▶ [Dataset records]
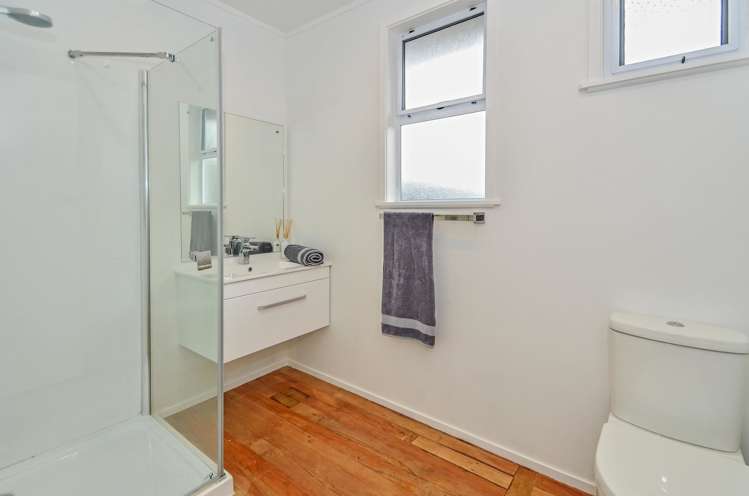 21 Brightwell Street Papakura_10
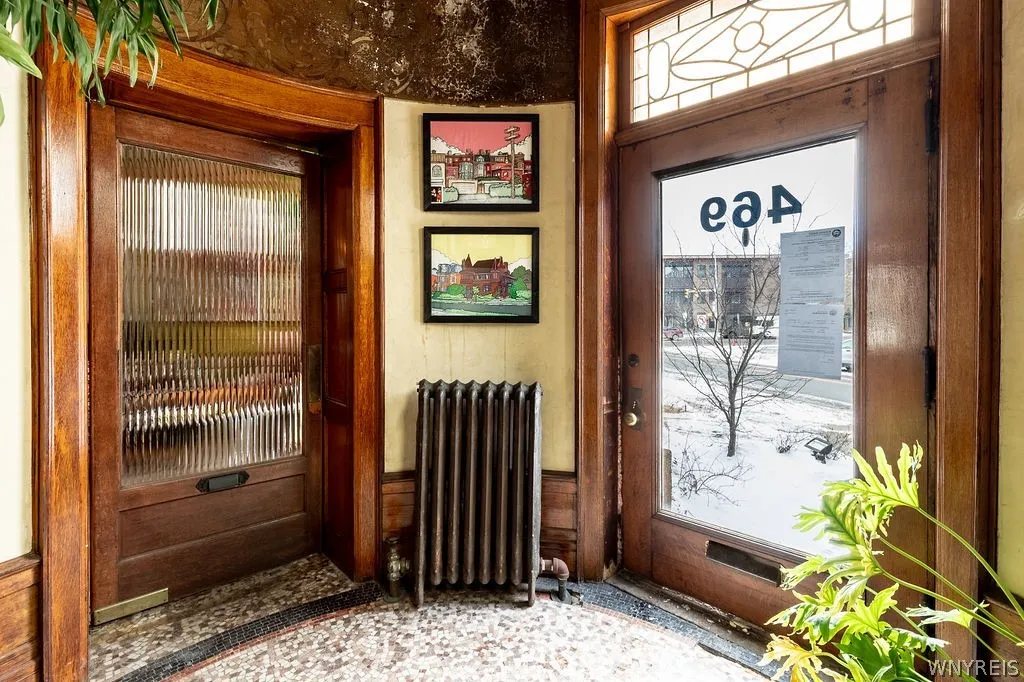 467 Virginia Street, Buffalo, New York 14202, Buffalo, New York 14202, 6 Bedrooms Bedrooms, ,2 BathroomsBathrooms,Residential,For Sale,467 Virginia Street, Buffalo, New York 14202,0,B1659238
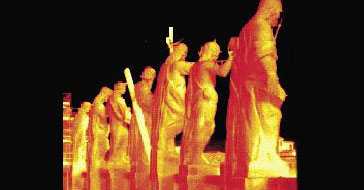 article primary image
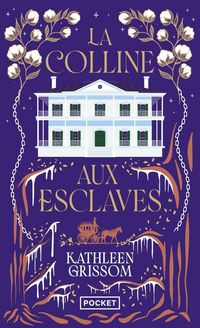 Produktbild: La colline aux esclaves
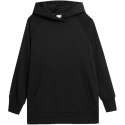 Bluza 4F F0955 W 4FWSS24TSWSF0955 20S 4f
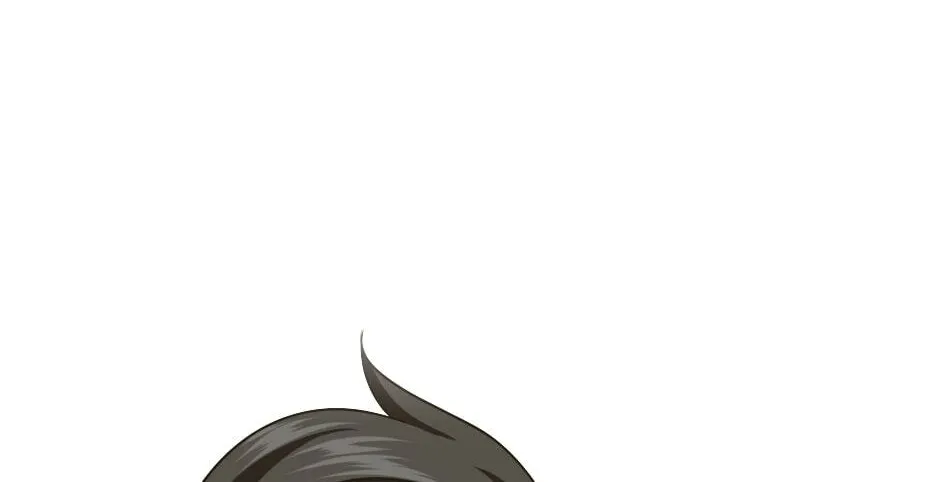 Read The Beginning After the End chapter 106 image 73 on Lezhin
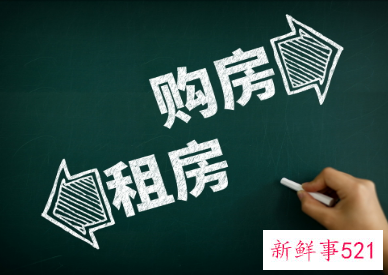 发生房产纠纷如何处理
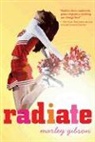 Marley Gibson - Radiate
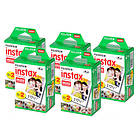 Fujifilm Instax Mini Film 100-pack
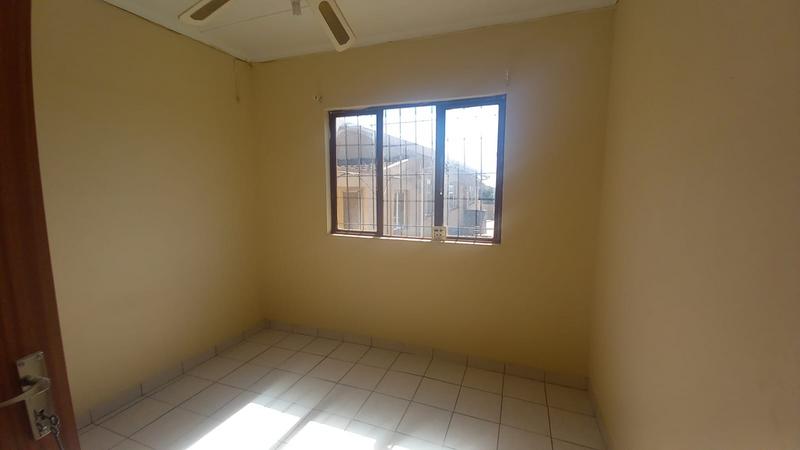 3 Bedroom Property for Sale in Bluff KwaZulu-Natal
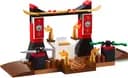 LEGO 10755 Wodny pościg Zane'a — 5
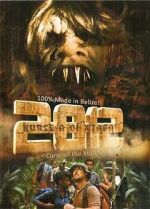 Watch 2012: Curse of the Xtabai 9Movies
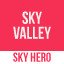 Sky Hero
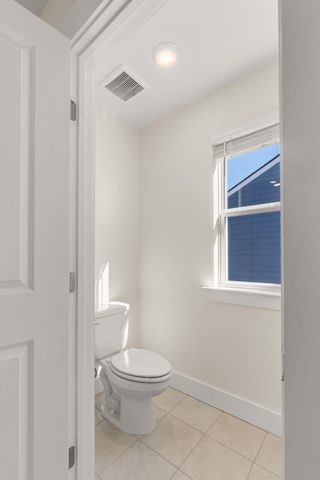 2217 Chelle Drive Ne, Cleveland, TN 37323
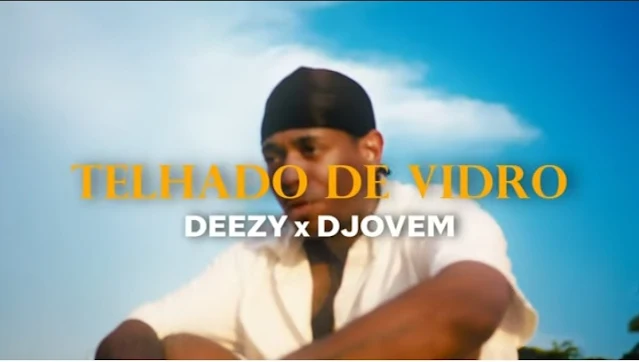 Sold Out Skwadd - Telhado De Vidro (Rap) 2025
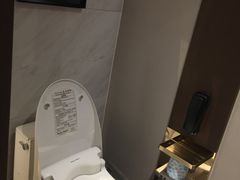 -上海虹桥宾馆(郁锦香品牌酒店)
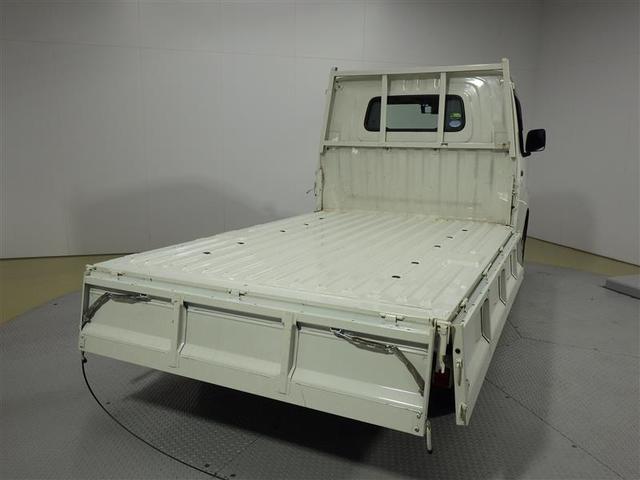 タウンエーストラック DX 衝突被害軽減システム ドラレコ LEDヘッドランプ アイドリングストップ 盗難防止装置 エアバッグ 横滑り防止機能(16枚目)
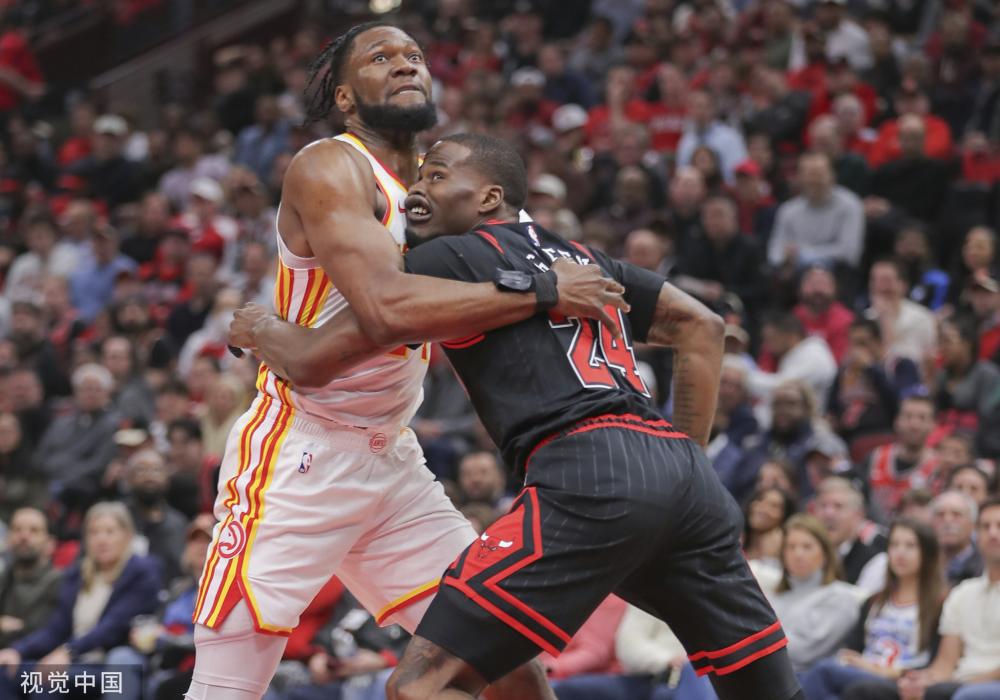 通过关键球 通过关键球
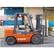 鞍山新杭州叉车4S店电话,国产新叉车哪种品牌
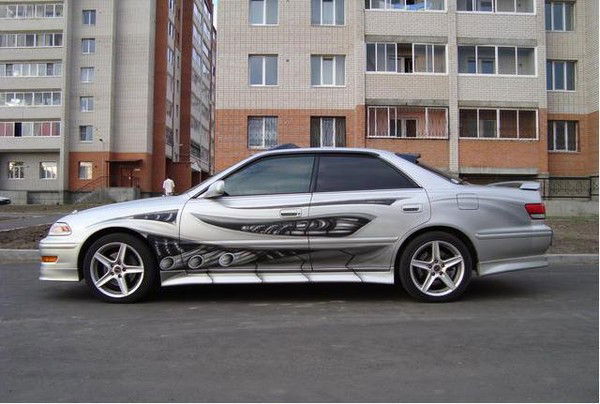 Алексей Дамбаев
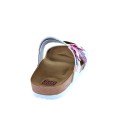 Chanclas Gioseppo zapatos Niña modelo 47498 Rosa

▶ [WORK REQUIRED]
Please retype the lines from the one that contains "鞍山新杭州叉车4S店电话,国产新叉车哪种品牌" to the final line of the records, both included, exactly as written and without any pictures.

▶ [EXERCISE SOLUTION]
 鞍山新杭州叉车4S店电话,国产新叉车哪种品牌
 Алексей Дамбаев
 Chanclas Gioseppo zapatos Niña modelo 47498 Rosa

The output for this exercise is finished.